Sale (0-3) never seemed comfortable and surrendered five runs and seven hits before being pulled after four innings. His velocity has been down this season — his fastball averaged 91.8 mph in this outing — and he has a 9.00 ERA after three starts.
“I’m struggling and I don’t know if I’ve really pitched like this in my life,” Sale said. “It’s a tough spot to be in. But I’ve got guys up here fighting and I’ve got to keep fighting. There’s no giving up. If something’s not working you gotta go to something else. When that’s not working you got to go something else.”
Sale’s day hit a low point in the fourth, after Danny Jansen scored on a passed ball. Gurriel kept extending his lead off third as Sale went into a full windup, then broke for the plate. Gurriel easily scored when Sale’s pitch was wide and went to the backstop, making it 5-2.
The Red Sox put their first two batters on base in the ninth against Ken Giles. But pinch-hitter Blake Swihart and Andrew Benintendi flied out and, with most of the crowd standing on a chilly afternoon and chanting for Betts, the AL MVP struck out and gave Giles his third save.
While the loss spoiled the Red Sox’s celebration, Cora said it hasn’t affected their resolve to turn their poor start around.
“Now we got our rings and now we got to get back to playing good baseball,” Cora said.
Blue Jays: C Luke Maile and INF Justin Smoak both sat with neck issues. Smoak missed two of Toronto’s three games in Cleveland last week due to the issue, which appeared again before the series finale.
Red Sox: Cora said LHP Brian Johnson (left elbow inflammation) went through some testing and that the injury is not as bad as originally thought. “At one point, we thought it was the end of the season. It’s not that,” Cora said. But there is still no timetable for his return
The Red Sox pulled out all the stops to celebrate their latest title.
While being serenaded by the Boston Pops orchestra giving a rendition of Queen’s “We Are the Champions,” a giant banner honoring the 2018 champions was unfurled in front of the Green Monster.
Pedro Martinez, Mike Lowell and David Ortiz carried out the 2004, ’07 and ’13 trophies. Then the 2018 team began filing down the red carpet to collect the championship rings.
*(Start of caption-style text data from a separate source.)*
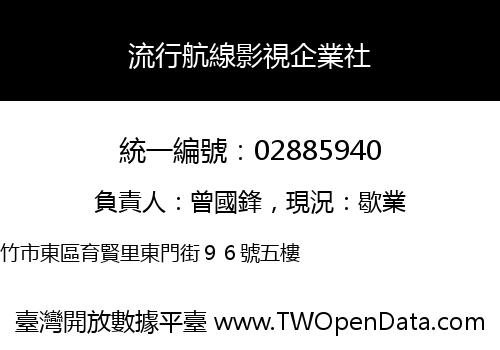 流行航線影視企業社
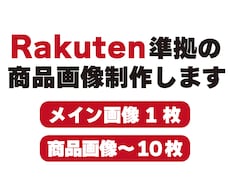 楽天市場に対応した商品画像を制作します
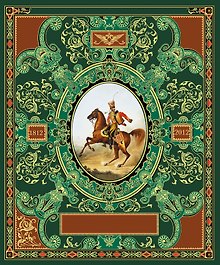 Русская гвардия. Эпоха Александра I (№3)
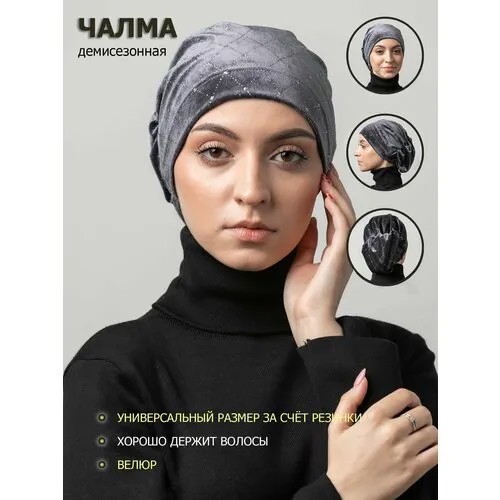 Чалма  Чалма женская/ головной убор для девочки со стразами, мусульманский головной убор, размер Универсальный, серый, белый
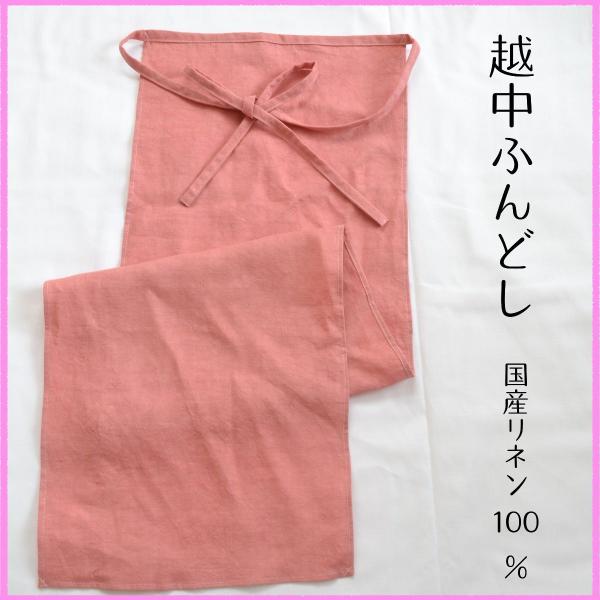 [送料無料]国産リネン100％　越中ふんどし　ピンク　日本製　天然素材　あったか　リラックス　麻　有...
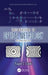 Introduction to Optical Metrology by Rajpal S. Sirohi
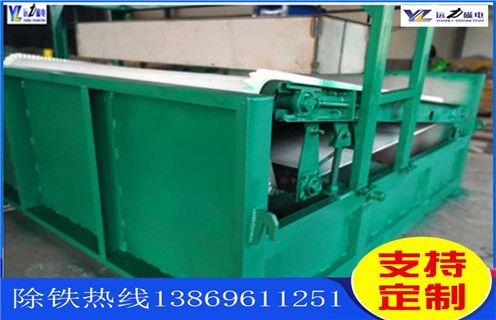 平板式磁選機,遼寧礦選平板式磁選機設(shè)備_遼寧礦選平板式磁選機設(shè)備永磁排列圖工作原理_選礦規(guī)格參數(shù)及執(zhí)行標準  平板式磁選機,遼寧礦選平板式磁選機設(shè)備_遼寧礦選平板式磁選機設(shè)備永磁排列圖工作原理_選礦規(guī)格參數(shù)及執(zhí)行標準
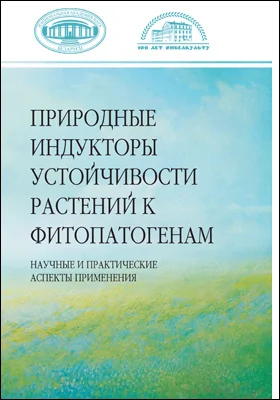 Природные индукторы устойчивости растений к фитопатогенам: научные и практические аспекты применения: монография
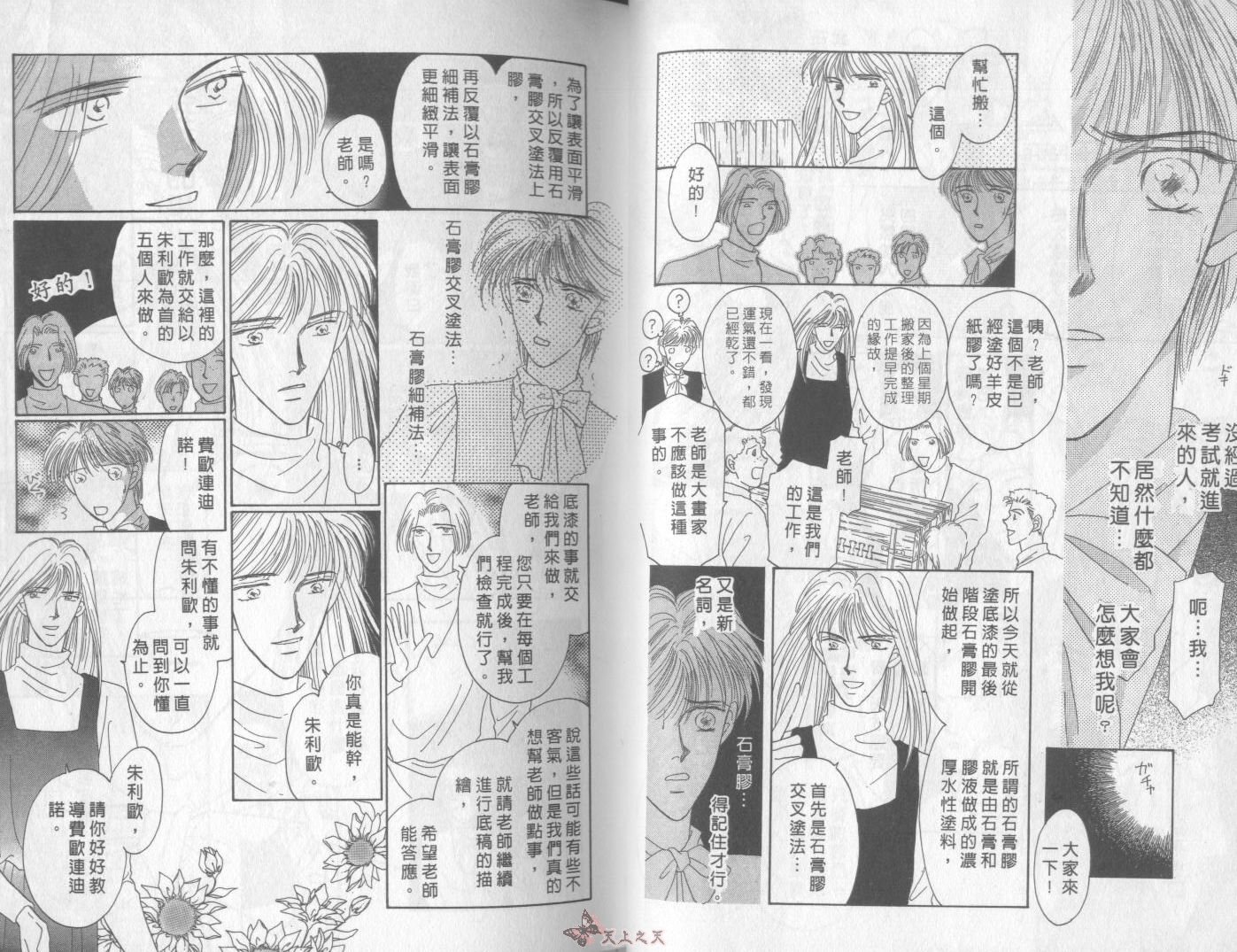 白色的费欧莲缇娜韩漫全集-VOL02无删减无遮挡章节图片 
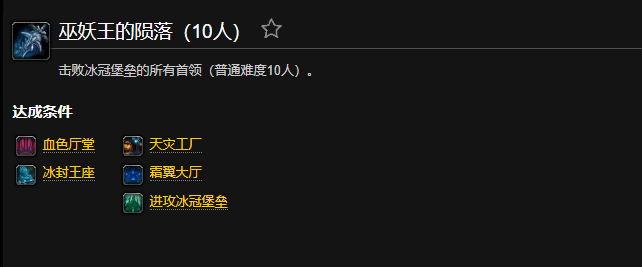 魔兽世界巫妖王的陨落成就怎么做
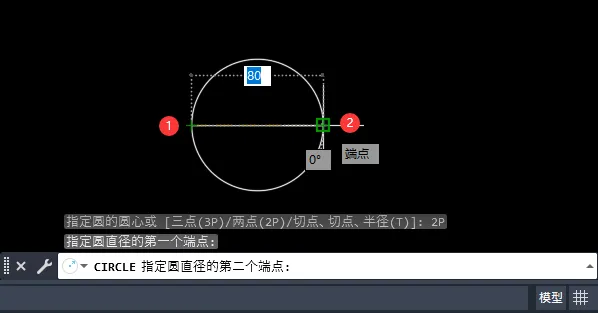 怎么在CAD的直线两端上画圆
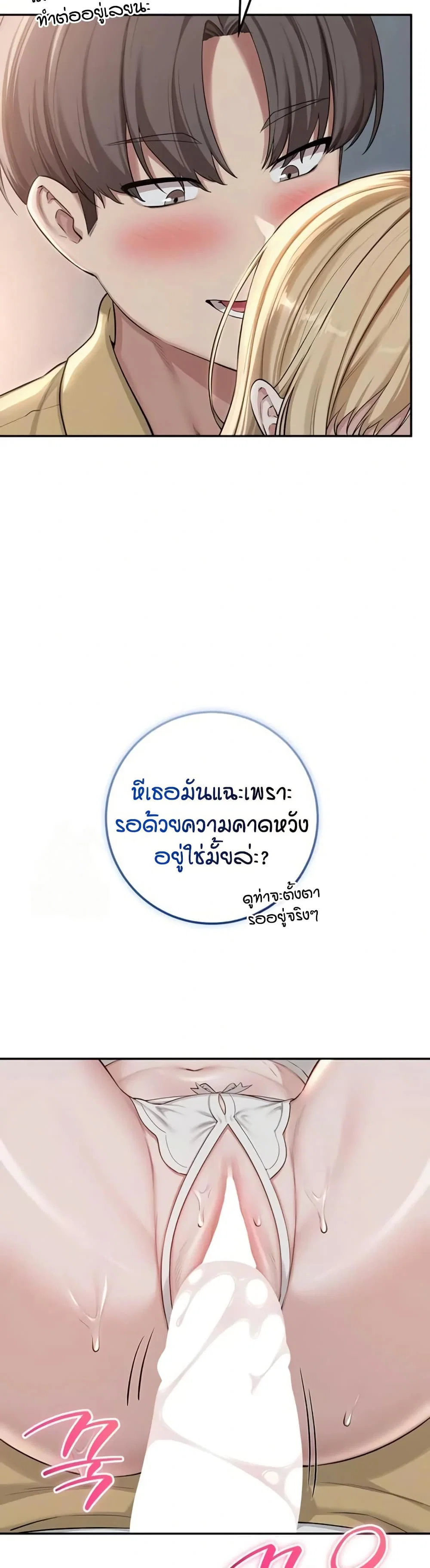 เพื่อนมหาวิทยาลัยที่ลามกของฉัน ตอนที่ 30 หน้า 19 - โดจินแปลไทย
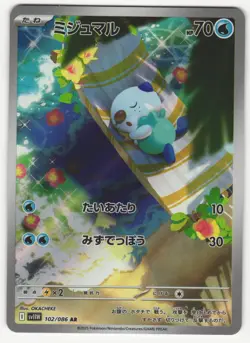 US SELLER Oshawott AR 102/086 White Flare sv11W Pokemon Card Japanese Near Mint - Image 1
Cora led the coaching staff and David Price was the first player to receive one.
Also taking part in the ceremony were former Red Sox Manny Ramirez and Curt Schilling, who have been absent from previous commemorations.
Cora and Montoyo became the first pair of Puerto Rican-born managers to face each other in a major league game.
“It was a special moment,” Montoyo said.
Cora said it is yet another promising milestone for managers with Puerto Rican ties getting opportunities in Major League Baseball. Nationals manager Dave Martinez was born in New York to Puerto Rican parents.
“At one point before I got hired here we had no Puerto Rican managers,” Cora said. “And all of a sudden we have three out of 30. That’s a pretty good rate.”
Red Sox host Blue Jays again on Wednesday night.